Creative Block & Identity

Sketchbook Tour: 5 Sketchbooks From Real Artists, and What to Steal From Each

A sketchbook tour lets you look over another artist's shoulder. Here are five worth watching, what each one teaches, and how to turn what you see into your own practice.

A sketchbook tour is a video where an artist flips through their sketchbook and talks you through what they drew and why. It is one of the simplest, most honest ways to learn, because you get to look over a real artist’s shoulder and see the messy version of their process: the studies, the false starts, the half ideas that never become finished work.

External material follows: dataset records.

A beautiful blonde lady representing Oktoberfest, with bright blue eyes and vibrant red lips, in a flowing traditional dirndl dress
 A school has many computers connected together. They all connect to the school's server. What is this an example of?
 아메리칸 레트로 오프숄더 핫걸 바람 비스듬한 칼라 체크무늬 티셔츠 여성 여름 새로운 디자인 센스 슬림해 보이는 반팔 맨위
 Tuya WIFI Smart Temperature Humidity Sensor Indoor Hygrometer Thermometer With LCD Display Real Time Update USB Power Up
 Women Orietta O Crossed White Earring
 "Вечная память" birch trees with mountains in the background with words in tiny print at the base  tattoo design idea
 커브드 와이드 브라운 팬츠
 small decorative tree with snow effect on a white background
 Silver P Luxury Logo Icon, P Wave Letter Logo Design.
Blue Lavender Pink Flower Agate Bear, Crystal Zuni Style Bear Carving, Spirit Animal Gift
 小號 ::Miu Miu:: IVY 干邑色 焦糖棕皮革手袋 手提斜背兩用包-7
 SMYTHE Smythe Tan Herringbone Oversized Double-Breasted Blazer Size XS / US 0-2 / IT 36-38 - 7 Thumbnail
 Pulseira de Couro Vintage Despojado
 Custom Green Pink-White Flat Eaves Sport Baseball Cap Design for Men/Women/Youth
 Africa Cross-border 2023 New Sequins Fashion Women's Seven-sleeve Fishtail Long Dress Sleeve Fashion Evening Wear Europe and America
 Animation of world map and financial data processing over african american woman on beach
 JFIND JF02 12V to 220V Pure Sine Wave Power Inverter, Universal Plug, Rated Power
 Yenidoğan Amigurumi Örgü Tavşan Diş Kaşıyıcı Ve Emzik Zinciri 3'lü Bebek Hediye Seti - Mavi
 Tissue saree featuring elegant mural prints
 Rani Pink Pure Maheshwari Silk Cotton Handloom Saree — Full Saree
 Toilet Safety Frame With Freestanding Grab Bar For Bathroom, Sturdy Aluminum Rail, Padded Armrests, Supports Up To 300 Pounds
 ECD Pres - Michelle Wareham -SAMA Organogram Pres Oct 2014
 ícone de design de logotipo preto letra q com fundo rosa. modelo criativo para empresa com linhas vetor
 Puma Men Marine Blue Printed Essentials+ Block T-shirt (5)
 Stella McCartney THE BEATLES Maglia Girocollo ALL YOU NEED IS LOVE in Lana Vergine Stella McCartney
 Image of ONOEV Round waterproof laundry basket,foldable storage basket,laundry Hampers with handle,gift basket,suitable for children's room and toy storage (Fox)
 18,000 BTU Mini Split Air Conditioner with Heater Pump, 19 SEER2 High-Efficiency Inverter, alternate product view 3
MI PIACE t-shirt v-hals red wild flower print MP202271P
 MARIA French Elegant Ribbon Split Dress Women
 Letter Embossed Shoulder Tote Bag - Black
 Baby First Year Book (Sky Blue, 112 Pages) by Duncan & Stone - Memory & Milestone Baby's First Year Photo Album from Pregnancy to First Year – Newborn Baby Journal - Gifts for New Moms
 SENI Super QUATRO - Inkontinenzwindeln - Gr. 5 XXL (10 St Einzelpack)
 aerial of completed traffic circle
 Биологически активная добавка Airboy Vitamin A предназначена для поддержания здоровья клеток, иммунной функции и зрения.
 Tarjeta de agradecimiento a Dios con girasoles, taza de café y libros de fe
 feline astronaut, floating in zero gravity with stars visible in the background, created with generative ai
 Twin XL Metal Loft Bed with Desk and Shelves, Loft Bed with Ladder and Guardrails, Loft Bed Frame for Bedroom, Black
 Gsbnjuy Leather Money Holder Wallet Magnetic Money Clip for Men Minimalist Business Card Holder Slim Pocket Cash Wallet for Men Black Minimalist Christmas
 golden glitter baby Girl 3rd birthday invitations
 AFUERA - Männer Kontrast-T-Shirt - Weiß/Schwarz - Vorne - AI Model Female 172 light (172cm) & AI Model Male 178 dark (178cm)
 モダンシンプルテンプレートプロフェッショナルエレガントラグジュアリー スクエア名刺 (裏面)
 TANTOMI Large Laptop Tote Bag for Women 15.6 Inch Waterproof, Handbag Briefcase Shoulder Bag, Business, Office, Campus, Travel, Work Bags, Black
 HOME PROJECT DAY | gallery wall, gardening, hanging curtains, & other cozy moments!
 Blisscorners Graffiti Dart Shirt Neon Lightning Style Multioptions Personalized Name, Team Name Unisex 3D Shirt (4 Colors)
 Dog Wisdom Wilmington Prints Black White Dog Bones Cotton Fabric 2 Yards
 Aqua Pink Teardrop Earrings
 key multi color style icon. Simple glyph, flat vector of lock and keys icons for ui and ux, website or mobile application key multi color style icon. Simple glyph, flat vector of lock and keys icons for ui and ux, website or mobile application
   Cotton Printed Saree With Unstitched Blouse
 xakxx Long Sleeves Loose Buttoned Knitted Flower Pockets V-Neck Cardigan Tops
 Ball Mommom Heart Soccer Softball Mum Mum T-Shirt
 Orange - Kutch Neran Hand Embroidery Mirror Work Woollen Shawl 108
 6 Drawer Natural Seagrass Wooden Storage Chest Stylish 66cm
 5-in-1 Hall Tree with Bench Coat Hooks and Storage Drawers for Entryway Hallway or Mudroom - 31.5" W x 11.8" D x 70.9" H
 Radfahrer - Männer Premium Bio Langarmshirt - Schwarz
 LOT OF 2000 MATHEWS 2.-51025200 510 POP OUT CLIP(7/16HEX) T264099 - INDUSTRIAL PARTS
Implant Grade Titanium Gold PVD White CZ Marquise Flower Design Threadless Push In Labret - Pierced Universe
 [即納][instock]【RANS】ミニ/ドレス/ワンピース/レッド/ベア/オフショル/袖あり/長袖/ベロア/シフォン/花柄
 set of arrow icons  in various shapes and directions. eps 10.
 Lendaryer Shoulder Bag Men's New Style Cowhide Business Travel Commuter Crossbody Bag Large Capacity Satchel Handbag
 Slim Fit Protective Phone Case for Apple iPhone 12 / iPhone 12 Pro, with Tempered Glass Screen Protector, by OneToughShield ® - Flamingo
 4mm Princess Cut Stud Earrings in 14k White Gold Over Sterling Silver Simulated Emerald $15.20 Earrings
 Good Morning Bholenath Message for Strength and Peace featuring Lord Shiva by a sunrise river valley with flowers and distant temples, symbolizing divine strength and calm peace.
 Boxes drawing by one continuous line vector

Below are five sketchbook tours worth watching, what each one teaches, and how to turn what you see into your own practice.

As an art school, we are big believers in sketchbooks. We encourage every student to keep one, because doing so builds real skill, hones ideas before they reach a canvas, and leaves you with a visual journal of your own growth. The trouble is that a blank sketchbook is both freeing and a little terrifying. Most people are not sure what to fill it with. That is exactly where a sketchbook tour helps. Watching how other artists use their books takes the mystery out of it and gives you permission to start. If you want the deeper case for the habit itself, here is what is the purpose of an artist’s sketchbook.

What is a sketchbook tour, and why watch one?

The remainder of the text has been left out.